● **PROBLEM DETAILS**
Which lines of the data below contain "Villa"? Please show them all.

● **RECORDS**
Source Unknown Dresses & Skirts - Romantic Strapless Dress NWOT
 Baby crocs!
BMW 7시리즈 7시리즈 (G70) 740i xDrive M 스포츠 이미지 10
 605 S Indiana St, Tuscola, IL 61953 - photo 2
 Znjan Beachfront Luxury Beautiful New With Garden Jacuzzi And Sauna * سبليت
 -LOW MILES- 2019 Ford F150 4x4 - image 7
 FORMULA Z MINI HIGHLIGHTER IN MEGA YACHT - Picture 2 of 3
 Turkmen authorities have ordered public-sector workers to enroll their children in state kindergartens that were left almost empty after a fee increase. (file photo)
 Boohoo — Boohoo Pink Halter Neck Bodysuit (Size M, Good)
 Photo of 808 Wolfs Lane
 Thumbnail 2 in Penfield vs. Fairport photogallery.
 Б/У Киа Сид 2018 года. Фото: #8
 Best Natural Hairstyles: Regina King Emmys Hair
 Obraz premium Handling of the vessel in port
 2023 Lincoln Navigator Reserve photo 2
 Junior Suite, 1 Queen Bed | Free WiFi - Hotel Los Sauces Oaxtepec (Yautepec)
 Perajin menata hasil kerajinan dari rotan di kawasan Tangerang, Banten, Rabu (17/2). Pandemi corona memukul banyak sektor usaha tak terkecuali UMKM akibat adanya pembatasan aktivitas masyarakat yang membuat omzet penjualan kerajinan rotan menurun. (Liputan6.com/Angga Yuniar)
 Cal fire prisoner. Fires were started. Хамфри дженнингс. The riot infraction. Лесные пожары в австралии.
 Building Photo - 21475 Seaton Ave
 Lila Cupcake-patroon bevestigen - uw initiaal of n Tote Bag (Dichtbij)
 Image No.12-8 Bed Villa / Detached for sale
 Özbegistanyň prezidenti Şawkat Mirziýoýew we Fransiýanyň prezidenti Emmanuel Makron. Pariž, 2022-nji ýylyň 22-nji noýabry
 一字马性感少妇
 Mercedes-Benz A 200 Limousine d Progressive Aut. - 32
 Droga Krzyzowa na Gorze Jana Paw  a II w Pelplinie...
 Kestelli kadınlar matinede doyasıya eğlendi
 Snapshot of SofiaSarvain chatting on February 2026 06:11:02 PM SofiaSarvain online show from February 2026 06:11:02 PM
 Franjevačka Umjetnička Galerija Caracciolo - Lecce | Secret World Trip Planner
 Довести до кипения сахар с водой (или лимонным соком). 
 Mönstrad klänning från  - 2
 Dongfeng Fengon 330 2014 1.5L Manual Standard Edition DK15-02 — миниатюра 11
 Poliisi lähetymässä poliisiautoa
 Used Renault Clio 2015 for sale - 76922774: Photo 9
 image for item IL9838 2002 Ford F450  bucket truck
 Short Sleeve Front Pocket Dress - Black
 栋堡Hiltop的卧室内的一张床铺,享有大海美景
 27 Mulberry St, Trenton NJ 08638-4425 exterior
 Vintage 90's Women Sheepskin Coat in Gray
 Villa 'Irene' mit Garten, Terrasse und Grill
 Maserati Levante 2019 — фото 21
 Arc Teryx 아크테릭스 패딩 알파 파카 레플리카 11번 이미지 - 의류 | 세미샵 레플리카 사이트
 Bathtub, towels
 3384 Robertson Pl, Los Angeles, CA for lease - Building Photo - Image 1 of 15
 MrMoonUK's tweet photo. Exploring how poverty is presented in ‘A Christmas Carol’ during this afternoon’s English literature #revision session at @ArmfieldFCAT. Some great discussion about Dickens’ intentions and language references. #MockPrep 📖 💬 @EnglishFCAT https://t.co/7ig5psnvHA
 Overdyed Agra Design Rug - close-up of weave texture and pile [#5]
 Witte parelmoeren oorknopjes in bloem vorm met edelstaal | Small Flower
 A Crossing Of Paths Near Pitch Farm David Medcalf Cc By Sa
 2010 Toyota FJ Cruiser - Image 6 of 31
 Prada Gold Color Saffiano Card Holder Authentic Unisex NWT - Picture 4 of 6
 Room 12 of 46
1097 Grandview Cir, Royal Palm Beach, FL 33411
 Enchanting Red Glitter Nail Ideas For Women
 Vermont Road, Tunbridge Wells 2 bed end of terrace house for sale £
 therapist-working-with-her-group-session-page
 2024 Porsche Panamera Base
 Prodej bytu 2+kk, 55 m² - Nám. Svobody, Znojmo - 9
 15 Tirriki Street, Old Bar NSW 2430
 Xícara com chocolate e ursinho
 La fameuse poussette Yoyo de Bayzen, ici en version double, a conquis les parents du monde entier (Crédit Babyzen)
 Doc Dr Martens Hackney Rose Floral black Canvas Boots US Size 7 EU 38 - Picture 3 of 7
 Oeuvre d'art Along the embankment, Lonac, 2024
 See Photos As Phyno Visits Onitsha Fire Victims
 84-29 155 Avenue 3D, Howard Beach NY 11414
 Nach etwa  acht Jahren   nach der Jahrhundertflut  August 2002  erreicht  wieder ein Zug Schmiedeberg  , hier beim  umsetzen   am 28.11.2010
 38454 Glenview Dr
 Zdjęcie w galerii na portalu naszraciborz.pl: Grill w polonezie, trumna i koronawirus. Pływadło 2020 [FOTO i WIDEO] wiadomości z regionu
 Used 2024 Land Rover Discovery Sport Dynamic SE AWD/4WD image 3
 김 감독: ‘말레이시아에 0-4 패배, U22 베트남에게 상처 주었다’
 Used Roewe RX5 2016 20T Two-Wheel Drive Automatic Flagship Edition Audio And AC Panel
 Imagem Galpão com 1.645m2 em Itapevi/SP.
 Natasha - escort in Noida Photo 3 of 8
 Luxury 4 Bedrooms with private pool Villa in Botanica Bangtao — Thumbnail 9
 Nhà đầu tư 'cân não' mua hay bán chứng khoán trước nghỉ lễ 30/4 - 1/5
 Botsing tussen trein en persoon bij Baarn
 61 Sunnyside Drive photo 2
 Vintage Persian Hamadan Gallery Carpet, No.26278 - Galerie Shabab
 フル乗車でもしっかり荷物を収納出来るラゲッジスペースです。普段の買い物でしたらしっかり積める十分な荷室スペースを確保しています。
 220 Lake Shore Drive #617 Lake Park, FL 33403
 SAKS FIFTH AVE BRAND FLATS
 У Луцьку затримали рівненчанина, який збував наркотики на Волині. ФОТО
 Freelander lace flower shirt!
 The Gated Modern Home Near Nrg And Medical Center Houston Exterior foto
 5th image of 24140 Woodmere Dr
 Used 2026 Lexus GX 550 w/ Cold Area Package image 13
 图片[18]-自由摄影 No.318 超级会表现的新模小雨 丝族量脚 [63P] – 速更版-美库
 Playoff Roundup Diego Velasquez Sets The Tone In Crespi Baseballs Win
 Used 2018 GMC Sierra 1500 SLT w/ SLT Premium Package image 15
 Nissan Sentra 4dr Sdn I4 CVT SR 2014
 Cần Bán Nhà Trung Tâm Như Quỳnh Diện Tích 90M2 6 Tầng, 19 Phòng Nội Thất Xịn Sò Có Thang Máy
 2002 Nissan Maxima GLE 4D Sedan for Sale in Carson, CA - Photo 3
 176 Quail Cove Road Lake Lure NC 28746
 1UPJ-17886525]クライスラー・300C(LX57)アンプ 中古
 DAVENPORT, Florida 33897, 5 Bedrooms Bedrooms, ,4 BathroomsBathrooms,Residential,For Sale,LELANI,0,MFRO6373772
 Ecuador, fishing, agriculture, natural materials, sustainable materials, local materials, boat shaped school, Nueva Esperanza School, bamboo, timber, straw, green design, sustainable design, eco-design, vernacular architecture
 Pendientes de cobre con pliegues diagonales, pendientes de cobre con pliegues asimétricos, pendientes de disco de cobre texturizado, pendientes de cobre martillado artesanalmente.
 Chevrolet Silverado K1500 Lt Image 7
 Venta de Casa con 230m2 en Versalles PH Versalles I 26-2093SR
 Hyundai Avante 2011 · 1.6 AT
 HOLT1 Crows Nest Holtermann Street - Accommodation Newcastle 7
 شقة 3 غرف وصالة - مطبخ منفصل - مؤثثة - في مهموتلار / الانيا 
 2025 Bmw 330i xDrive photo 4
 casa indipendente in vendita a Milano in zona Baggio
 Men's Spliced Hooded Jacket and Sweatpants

● **TASK SOLUTION**
 Image No.12-8 Bed Villa / Detached for sale
 Villa 'Irene' mit Garten, Terrasse und Grill
 Luxury 4 Bedrooms with private pool Villa in Botanica Bangtao — Thumbnail 9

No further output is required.